• [DATA TO PROCESS]:
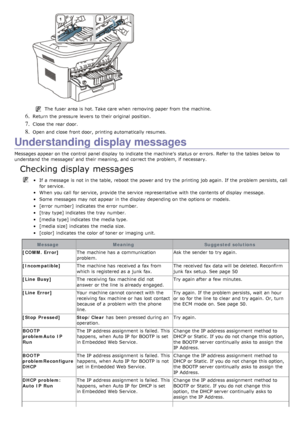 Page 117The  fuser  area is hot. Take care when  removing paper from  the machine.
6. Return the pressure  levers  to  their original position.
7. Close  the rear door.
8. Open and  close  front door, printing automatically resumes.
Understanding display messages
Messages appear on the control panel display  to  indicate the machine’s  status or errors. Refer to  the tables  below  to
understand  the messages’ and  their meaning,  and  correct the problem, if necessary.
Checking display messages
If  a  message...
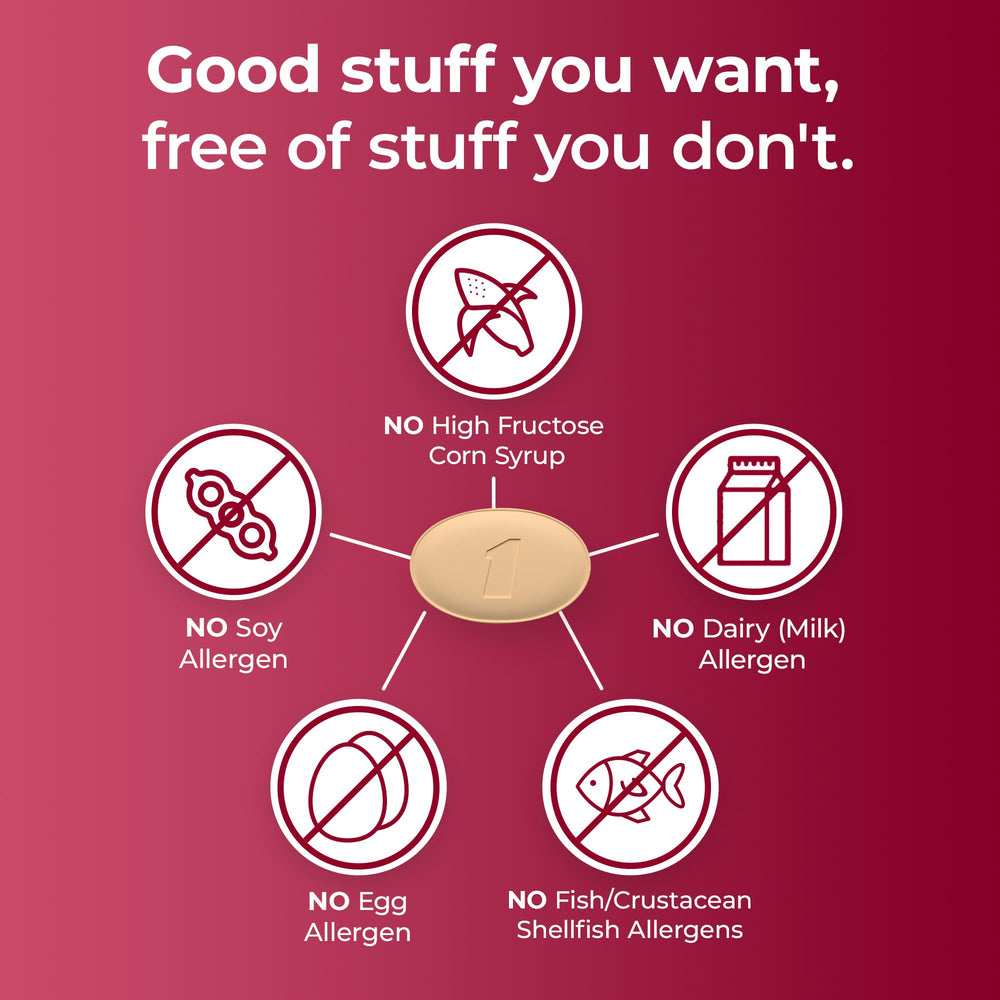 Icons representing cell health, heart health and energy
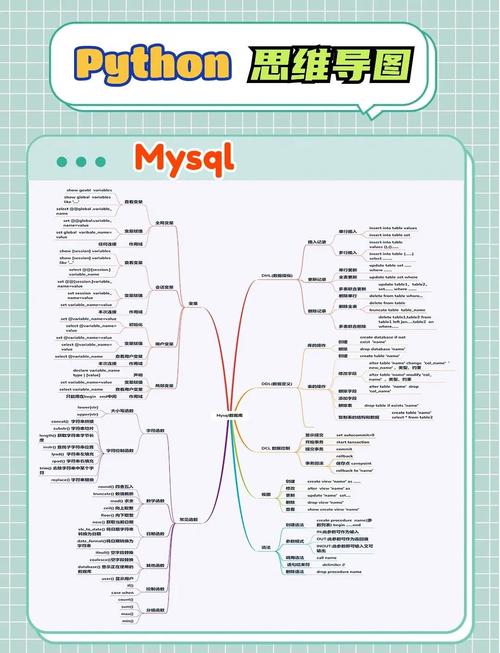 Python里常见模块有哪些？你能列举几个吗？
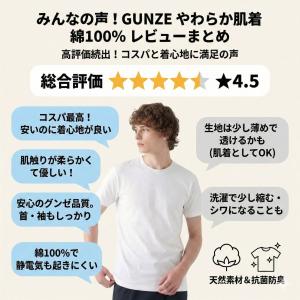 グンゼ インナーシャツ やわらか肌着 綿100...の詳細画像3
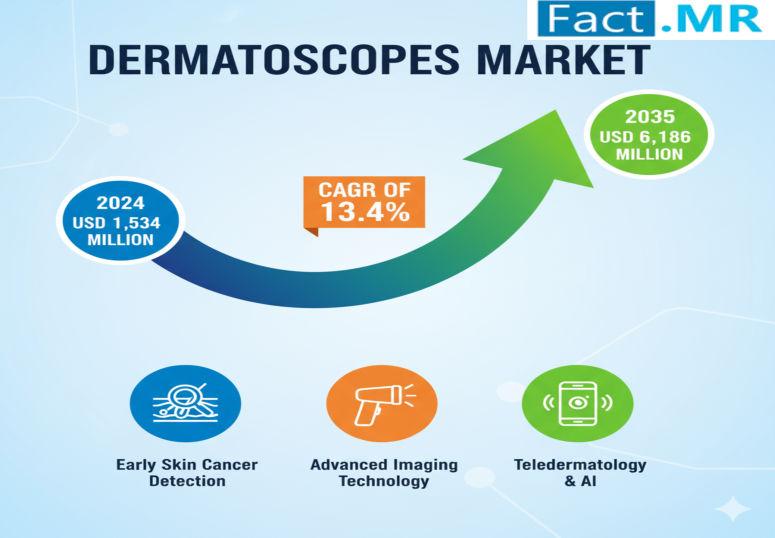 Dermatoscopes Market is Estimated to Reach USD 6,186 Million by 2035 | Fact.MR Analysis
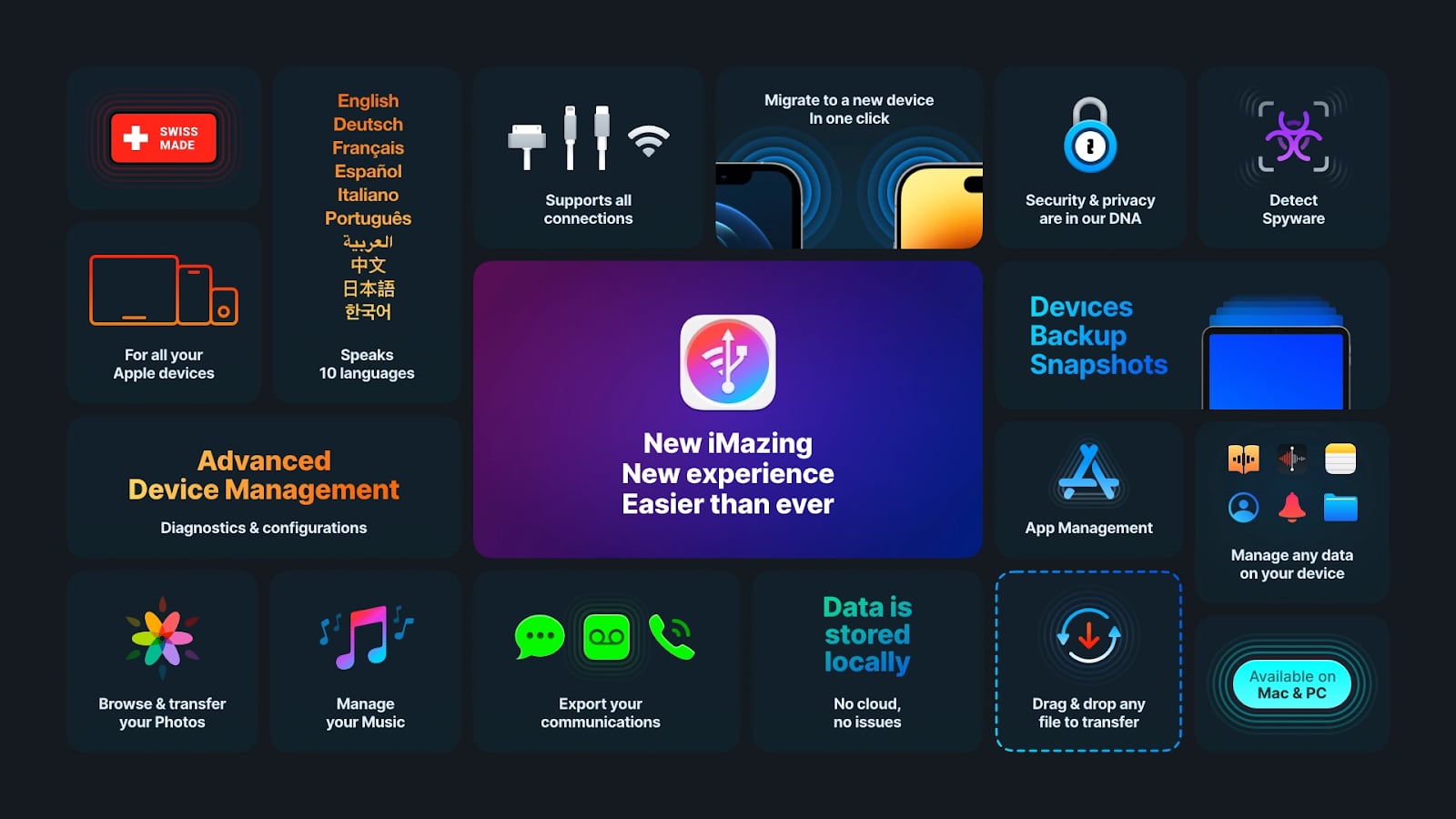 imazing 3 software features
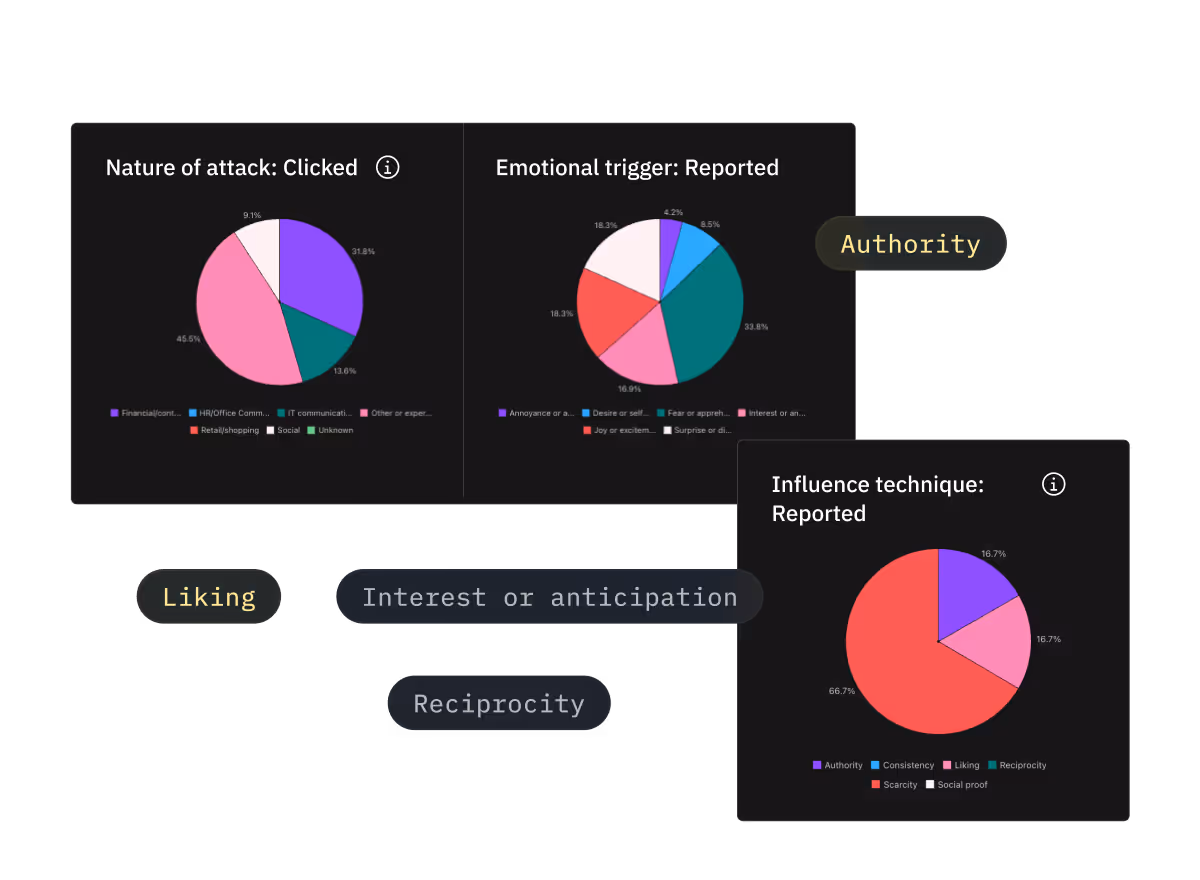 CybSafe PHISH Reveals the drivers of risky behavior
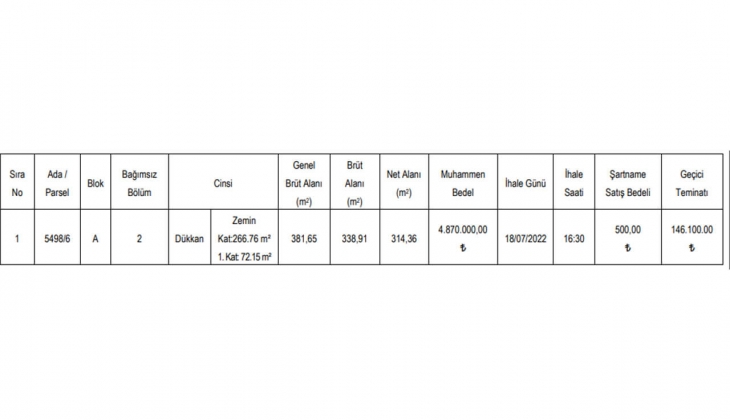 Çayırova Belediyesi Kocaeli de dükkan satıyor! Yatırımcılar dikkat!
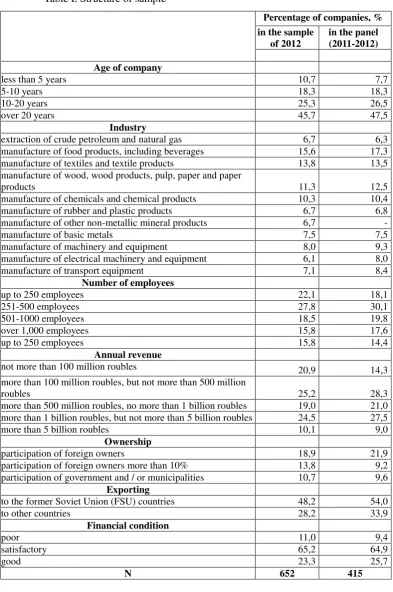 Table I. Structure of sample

• [PROBLEM DESCRIPTION]:
Could you transcribe exactly the lines from the one with "Checking display messages" through the end of the data, both ends included, and nothing else, skipping the pictures?

• [WORKED SOLUTION]:
Checking display messages
If  a  message...
 Icons representing cell health, heart health and energy
 Python里常见模块有哪些？你能列举几个吗？
 グンゼ インナーシャツ やわらか肌着 綿100...の詳細画像3
 Dermatoscopes Market is Estimated to Reach USD 6,186 Million by 2035 | Fact.MR Analysis
 imazing 3 software features
 CybSafe PHISH Reveals the drivers of risky behavior
 Çayırova Belediyesi Kocaeli de dükkan satıyor! Yatırımcılar dikkat!
 Table I. Structure of sample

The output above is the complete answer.